## How to complete this task:
Repeat every record below exactly as written.

**** Records provided ****

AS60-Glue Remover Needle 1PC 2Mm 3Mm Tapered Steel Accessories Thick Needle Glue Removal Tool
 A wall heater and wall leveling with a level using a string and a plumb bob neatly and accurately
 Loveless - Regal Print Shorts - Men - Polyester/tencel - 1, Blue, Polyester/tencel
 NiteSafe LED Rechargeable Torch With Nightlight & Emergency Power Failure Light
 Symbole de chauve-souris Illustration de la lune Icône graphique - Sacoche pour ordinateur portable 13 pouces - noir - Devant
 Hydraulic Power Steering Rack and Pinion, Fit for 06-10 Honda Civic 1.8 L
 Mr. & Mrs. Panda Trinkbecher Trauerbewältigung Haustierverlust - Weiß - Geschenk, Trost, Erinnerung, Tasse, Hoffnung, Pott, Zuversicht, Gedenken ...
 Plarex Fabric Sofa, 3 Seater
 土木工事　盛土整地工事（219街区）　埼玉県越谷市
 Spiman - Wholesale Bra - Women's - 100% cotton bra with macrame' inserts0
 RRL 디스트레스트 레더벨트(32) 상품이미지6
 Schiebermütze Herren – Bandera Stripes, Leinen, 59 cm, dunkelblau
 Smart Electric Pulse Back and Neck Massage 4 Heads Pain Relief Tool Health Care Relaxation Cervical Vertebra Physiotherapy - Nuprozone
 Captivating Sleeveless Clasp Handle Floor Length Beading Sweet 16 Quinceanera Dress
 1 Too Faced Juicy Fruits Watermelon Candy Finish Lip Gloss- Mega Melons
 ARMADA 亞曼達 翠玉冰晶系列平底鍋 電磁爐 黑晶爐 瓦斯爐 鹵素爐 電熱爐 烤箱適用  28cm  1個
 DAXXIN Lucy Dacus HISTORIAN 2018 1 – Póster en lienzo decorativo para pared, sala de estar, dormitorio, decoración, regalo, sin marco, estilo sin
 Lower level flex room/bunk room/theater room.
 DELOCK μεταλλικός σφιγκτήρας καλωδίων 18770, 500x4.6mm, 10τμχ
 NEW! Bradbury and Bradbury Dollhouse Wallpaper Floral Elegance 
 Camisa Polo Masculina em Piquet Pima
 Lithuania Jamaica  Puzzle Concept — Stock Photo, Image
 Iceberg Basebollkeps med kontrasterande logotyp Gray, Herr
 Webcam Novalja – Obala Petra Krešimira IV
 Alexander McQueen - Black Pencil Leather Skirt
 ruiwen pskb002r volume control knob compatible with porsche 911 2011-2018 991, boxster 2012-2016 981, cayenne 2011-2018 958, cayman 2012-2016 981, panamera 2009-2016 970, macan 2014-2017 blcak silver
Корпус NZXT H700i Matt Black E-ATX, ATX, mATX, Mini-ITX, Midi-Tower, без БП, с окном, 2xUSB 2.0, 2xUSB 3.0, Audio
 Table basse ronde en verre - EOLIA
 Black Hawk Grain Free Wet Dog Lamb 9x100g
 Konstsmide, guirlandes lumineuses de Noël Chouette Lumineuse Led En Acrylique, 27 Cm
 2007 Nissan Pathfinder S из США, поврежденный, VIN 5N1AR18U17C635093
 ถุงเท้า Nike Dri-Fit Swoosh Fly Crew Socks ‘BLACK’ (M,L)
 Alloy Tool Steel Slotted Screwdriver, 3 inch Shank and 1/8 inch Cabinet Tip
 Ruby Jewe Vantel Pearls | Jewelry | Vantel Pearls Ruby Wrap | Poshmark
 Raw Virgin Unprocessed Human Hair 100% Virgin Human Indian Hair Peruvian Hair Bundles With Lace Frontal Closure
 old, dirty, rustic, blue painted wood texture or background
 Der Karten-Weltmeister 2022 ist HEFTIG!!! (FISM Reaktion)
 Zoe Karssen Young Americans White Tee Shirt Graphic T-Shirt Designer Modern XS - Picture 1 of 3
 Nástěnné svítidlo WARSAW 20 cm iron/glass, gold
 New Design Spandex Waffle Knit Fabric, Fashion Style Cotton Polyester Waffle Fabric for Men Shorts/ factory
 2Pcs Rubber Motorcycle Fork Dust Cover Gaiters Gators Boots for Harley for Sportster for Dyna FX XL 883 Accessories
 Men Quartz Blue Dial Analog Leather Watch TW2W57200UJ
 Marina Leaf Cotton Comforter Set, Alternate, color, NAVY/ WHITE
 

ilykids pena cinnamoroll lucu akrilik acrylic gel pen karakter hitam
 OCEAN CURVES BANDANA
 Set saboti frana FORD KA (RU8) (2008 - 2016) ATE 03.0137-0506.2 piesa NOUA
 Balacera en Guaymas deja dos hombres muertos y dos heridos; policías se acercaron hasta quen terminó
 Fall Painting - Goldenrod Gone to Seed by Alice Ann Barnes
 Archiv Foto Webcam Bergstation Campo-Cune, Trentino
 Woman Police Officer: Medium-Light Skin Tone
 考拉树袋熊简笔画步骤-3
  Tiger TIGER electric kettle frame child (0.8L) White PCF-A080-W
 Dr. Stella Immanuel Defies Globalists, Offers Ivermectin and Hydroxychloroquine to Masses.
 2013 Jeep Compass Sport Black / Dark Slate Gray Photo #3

****

## Completed task:
AS60-Glue Remover Needle 1PC 2Mm 3Mm Tapered Steel Accessories Thick Needle Glue Removal Tool
 A wall heater and wall leveling with a level using a string and a plumb bob neatly and accurately
 Loveless - Regal Print Shorts - Men - Polyester/tencel - 1, Blue, Polyester/tencel
 NiteSafe LED Rechargeable Torch With Nightlight & Emergency Power Failure Light
 Symbole de chauve-souris Illustration de la lune Icône graphique - Sacoche pour ordinateur portable 13 pouces - noir - Devant
 Hydraulic Power Steering Rack and Pinion, Fit for 06-10 Honda Civic 1.8 L
 Mr. & Mrs. Panda Trinkbecher Trauerbewältigung Haustierverlust - Weiß - Geschenk, Trost, Erinnerung, Tasse, Hoffnung, Pott, Zuversicht, Gedenken ...
 Plarex Fabric Sofa, 3 Seater
 土木工事　盛土整地工事（219街区）　埼玉県越谷市
 Spiman - Wholesale Bra - Women's - 100% cotton bra with macrame' inserts0
 RRL 디스트레스트 레더벨트(32) 상품이미지6
 Schiebermütze Herren – Bandera Stripes, Leinen, 59 cm, dunkelblau
 Smart Electric Pulse Back and Neck Massage 4 Heads Pain Relief Tool Health Care Relaxation Cervical Vertebra Physiotherapy - Nuprozone
 Captivating Sleeveless Clasp Handle Floor Length Beading Sweet 16 Quinceanera Dress
 1 Too Faced Juicy Fruits Watermelon Candy Finish Lip Gloss- Mega Melons
 ARMADA 亞曼達 翠玉冰晶系列平底鍋 電磁爐 黑晶爐 瓦斯爐 鹵素爐 電熱爐 烤箱適用  28cm  1個
 DAXXIN Lucy Dacus HISTORIAN 2018 1 – Póster en lienzo decorativo para pared, sala de estar, dormitorio, decoración, regalo, sin marco, estilo sin
 Lower level flex room/bunk room/theater room.
 DELOCK μεταλλικός σφιγκτήρας καλωδίων 18770, 500x4.6mm, 10τμχ
 NEW! Bradbury and Bradbury Dollhouse Wallpaper Floral Elegance 
 Camisa Polo Masculina em Piquet Pima
 Lithuania Jamaica  Puzzle Concept — Stock Photo, Image
 Iceberg Basebollkeps med kontrasterande logotyp Gray, Herr
 Webcam Novalja – Obala Petra Krešimira IV
 Alexander McQueen - Black Pencil Leather Skirt
 ruiwen pskb002r volume control knob compatible with porsche 911 2011-2018 991, boxster 2012-2016 981, cayenne 2011-2018 958, cayman 2012-2016 981, panamera 2009-2016 970, macan 2014-2017 blcak silver
Корпус NZXT H700i Matt Black E-ATX, ATX, mATX, Mini-ITX, Midi-Tower, без БП, с окном, 2xUSB 2.0, 2xUSB 3.0, Audio
 Table basse ronde en verre - EOLIA
 Black Hawk Grain Free Wet Dog Lamb 9x100g
 Konstsmide, guirlandes lumineuses de Noël Chouette Lumineuse Led En Acrylique, 27 Cm
 2007 Nissan Pathfinder S из США, поврежденный, VIN 5N1AR18U17C635093
 ถุงเท้า Nike Dri-Fit Swoosh Fly Crew Socks ‘BLACK’ (M,L)
 Alloy Tool Steel Slotted Screwdriver, 3 inch Shank and 1/8 inch Cabinet Tip
 Ruby Jewe Vantel Pearls | Jewelry | Vantel Pearls Ruby Wrap | Poshmark
 Raw Virgin Unprocessed Human Hair 100% Virgin Human Indian Hair Peruvian Hair Bundles With Lace Frontal Closure
 old, dirty, rustic, blue painted wood texture or background
 Der Karten-Weltmeister 2022 ist HEFTIG!!! (FISM Reaktion)
 Zoe Karssen Young Americans White Tee Shirt Graphic T-Shirt Designer Modern XS - Picture 1 of 3
 Nástěnné svítidlo WARSAW 20 cm iron/glass, gold
 New Design Spandex Waffle Knit Fabric, Fashion Style Cotton Polyester Waffle Fabric for Men Shorts/ factory
 2Pcs Rubber Motorcycle Fork Dust Cover Gaiters Gators Boots for Harley for Sportster for Dyna FX XL 883 Accessories
 Men Quartz Blue Dial Analog Leather Watch TW2W57200UJ
 Marina Leaf Cotton Comforter Set, Alternate, color, NAVY/ WHITE
 

ilykids pena cinnamoroll lucu akrilik acrylic gel pen karakter hitam
 OCEAN CURVES BANDANA
 Set saboti frana FORD KA (RU8) (2008 - 2016) ATE 03.0137-0506.2 piesa NOUA
 Balacera en Guaymas deja dos hombres muertos y dos heridos; policías se acercaron hasta quen terminó
 Fall Painting - Goldenrod Gone to Seed by Alice Ann Barnes
 Archiv Foto Webcam Bergstation Campo-Cune, Trentino
 Woman Police Officer: Medium-Light Skin Tone
 考拉树袋熊简笔画步骤-3
  Tiger TIGER electric kettle frame child (0.8L) White PCF-A080-W
 Dr. Stella Immanuel Defies Globalists, Offers Ivermectin and Hydroxychloroquine to Masses.
 2013 Jeep Compass Sport Black / Dark Slate Gray Photo #3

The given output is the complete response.